Express incorporation of advisory opinions

Previously, the Advisory Opinions relating to the initial Declaration were presented as representative of the views of the HHS Office of the General Counsel only and did not otherwise constitute a final agency action or final order, nor did they have the force or effect of law, and did not bind HHS or the federal courts. Accordingly, to the extent that the guidance denoted a broader application of the liability protections than the letter of the PREP Act and the Declaration provided, such application was vulnerable to challenges and opposing interpretations by the courts.  The Fourth Amendment addressed this vulnerability, stating: “The Secretary now amends the Declaration to clarify that the Declaration must be construed in accordance with the Advisory Opinions. The Secretary expressly incorporates the Advisory Opinions for that purpose.”  As the Advisory Opinions sought to clarify points in the Declaration that were open to differing interpretations, this explicit adoption helps to eliminate some gray areas within the original text of the Declaration and the PREP Act itself.
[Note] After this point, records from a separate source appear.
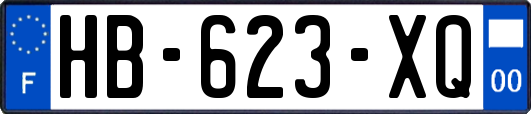 HB-623-XQ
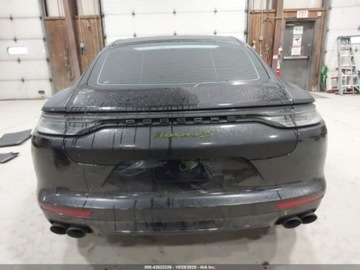 Porsche Panamera II 2023 Porsche Panamera E-hybrid 4s 2.9 Hybryda 443KM, zdjęcie 5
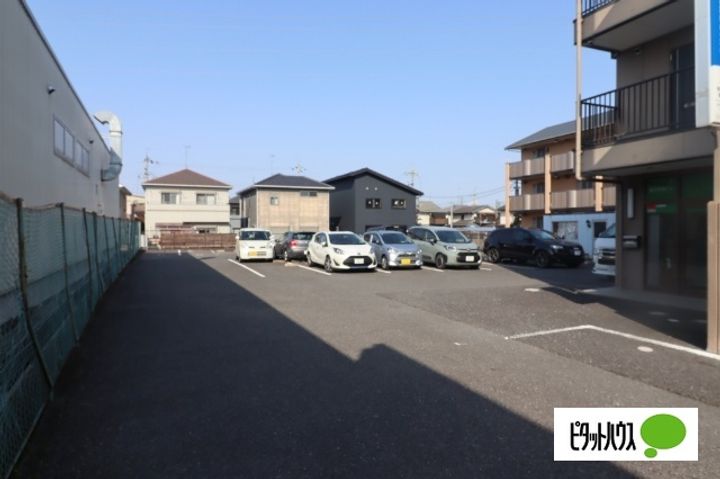 滋賀県野洲市栄の賃貸マンションのその他画像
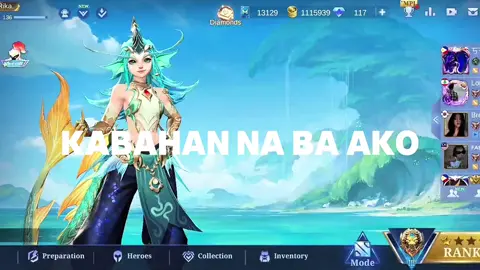 Kabahan na ba ako #mobilelegends #mlbbcreatorbase #mlbbtiktok #mlbbttofficial #WinBigSaMLBB #TagInitSaMLBB #fyppppppppppppppppppppppp #fyp #foryou 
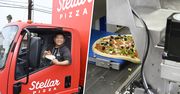 Byli inżynierowie SpaceX otworzyli pizzerię. Pracuje w niej robot, robi pizzę w 45 sekund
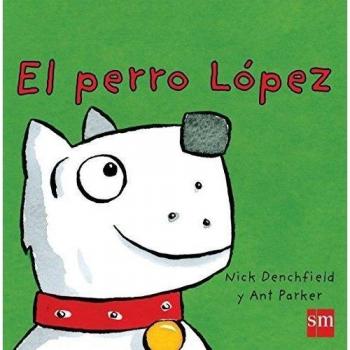 El perro López - AA.VV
Failure to administer countermeasures as covered activity

The Fourth Amendment expressly extends PREP Act liability immunity to certain situations where a covered countermeasure is not administered due to limitations in supply of such countermeasure.
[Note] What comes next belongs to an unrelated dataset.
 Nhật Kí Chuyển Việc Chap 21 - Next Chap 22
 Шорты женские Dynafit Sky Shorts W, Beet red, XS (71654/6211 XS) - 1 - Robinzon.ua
Prior to this Amendment, due to shortages of COVID-19 tests, personal protective equipment, therapeutics, and vaccines, healthcare workers and hospitals that were required to ration covered countermeasures remained vulnerable to claims that they negligently failed to administer such measures.  This portion of the Amendment addresses some of the ambiguities that became evident in recent litigation arising under the PREP Act, where defendants, primarily nursing homes, sought to raise the PREP Act as a defense to allegations of negligent failure to administer covered countermeasures. Many of these claims were found by courts to fall outside of the scope of federal jurisdiction and PREP Act liability protections because the suits were focused on the absence of a countermeasure, rather than protected use of a covered countermeasure; the Fourth Amendment squarely rejects this interpretation of the PREP Act and clarifies the preemption of potential state law negligence claims in this realm.  See Maglioli v. Andover Subacute Rehabilitation Center, Civ. No. 20-6605 (KM)(ESK) (D.N.J. Aug. 12, 2020); Gunter v. CCRC OPCO-Freedom Square, LLC, No. 8:20-cv-1546-T-36-TGW (M.D. Fla. October 29, 2020); Sherod v. Comprehensive Healthcare Mgmt. Servs. LLC, 20cv1198 (W.D. Pa. October 16, 2020); and Block et al. v. Big Blue Healthcare, Case No. 2:20-cv-2262-HLT-JPO (D. Kansas August 19, 2020).

Other noteworthy changes

The following modifications conferred by the Fourth Amendment were described with much less detail, as they present more straightforward clarifications and changes regarding the practical application of the Declaration’s liability immunity provisions:

  • Section VI of the Declaration regarding covered countermeasures was clarified to explicitly include all qualified pandemic and epidemic products under the PREP Act;
  • Section XI of the Declaration, concerning the geographic area for the immunity from suit; the Secretary clarified that the only exception to the immunity from suit and liability insulation of covered persons is an “exclusive federal cause of action against a Covered Person for death or serious physical injury proximately caused by willful misconduct by such Covered Person.”  An exclusive federal cause of action is appropriate because of the substantial federal legal and policy interest in “a uniform interpretation of the PREP Act.”
  • Section XII of the Declaration, concerned the relevant time period of the liability protections, has been amended with respect to covered countermeasures administered and used in accordance with the public health and medical response of the Authority Having Jurisdiction lasts through either the final day the Declaration of Emergency is in effect or October 1, 2024, whichever comes first.

We encourage interested parties to keep abreast of amendments and advisory opinions regarding the Declaration, particularly in light of the evolving vaccination development efforts and subsequent distribution plans.